Unlikely candidate leads in Chile



By Patrick J. McDonnell


PUERTO AISEN (Chile): The candidate faced the hard women of this rugged Patagonian town. They were angry about the fate of their sons and husbands, a dozen lost in recent years to drownings, suicides, street crime. The women feared a murderous conspiracy — and blamed the government for not doing enough to get to the bottom of it.

Michelle Bachelet, a product of the country’s political elite in the far-off capital, listened to their pleas in a cramped church office here. She took notes and vowed to look into it. She promised no solutions, but that didn’t matter to the widows and mothers.

“Finally, someone seems to care about us,” said Rosa Flores, leader of the mothers group. “I think she will help.”

As Chileans go to the polls to elect a new president, the scene that unfolded in this salmon-fishing outpost says much about the allure of Michelle Bachelet.

The blond paediatrician is the favourite to win what is expected to be the first round of the election.

But she might not seem like the obvious front-runner to lead this South American nation.

She is a woman on a continent where governments have long been dominated by men.

She is a mother of three, separated from her husband.

She is the daughter of an air force general loyal to left-wing President Salvador Allende, who was overthrown by Gen.
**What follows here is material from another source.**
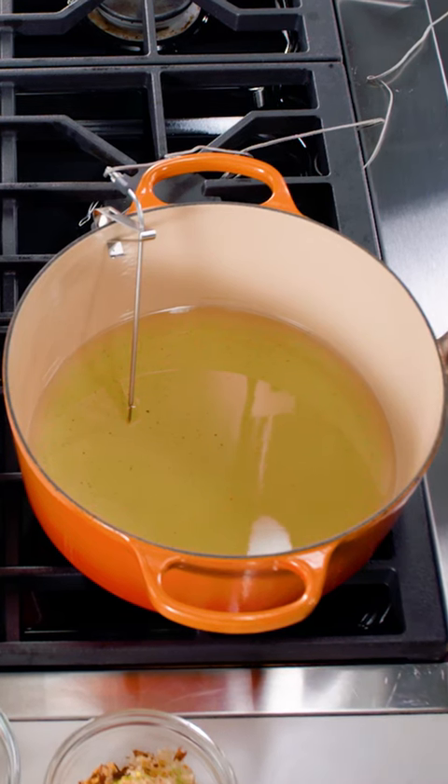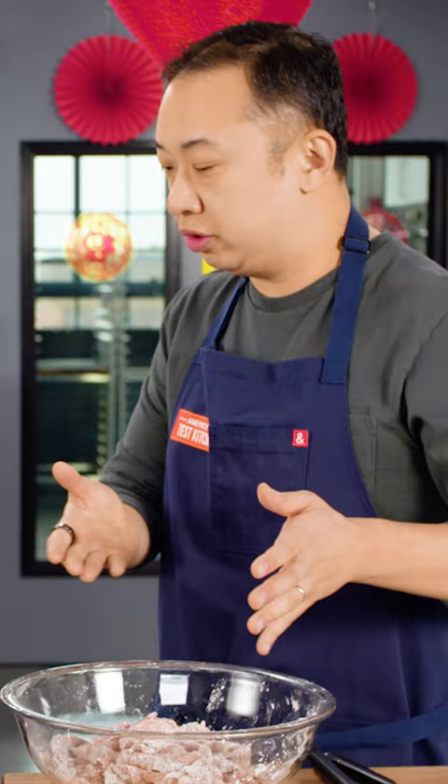The oil is heating at 375 degrees Fahrenheit, and you don't want to cook all of this at once. We're doing it in three batches. You don't want the oil temperature to drop down too low.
Augusto Pinochet in 1973.

With Bachelet’s prospective ascension to the presidency, it seems easy enough to declare that Chilean politics has finally come full circle.

Meanwhile, outside the stately presidential palace that was bombed by Pinochet’s supporters on Sept. 11, 1973, a statue of Allende now greets passersby. “I have faith in Chile and its destiny,” reads the inscription, among Allende’s last words before his death on that convulsive day.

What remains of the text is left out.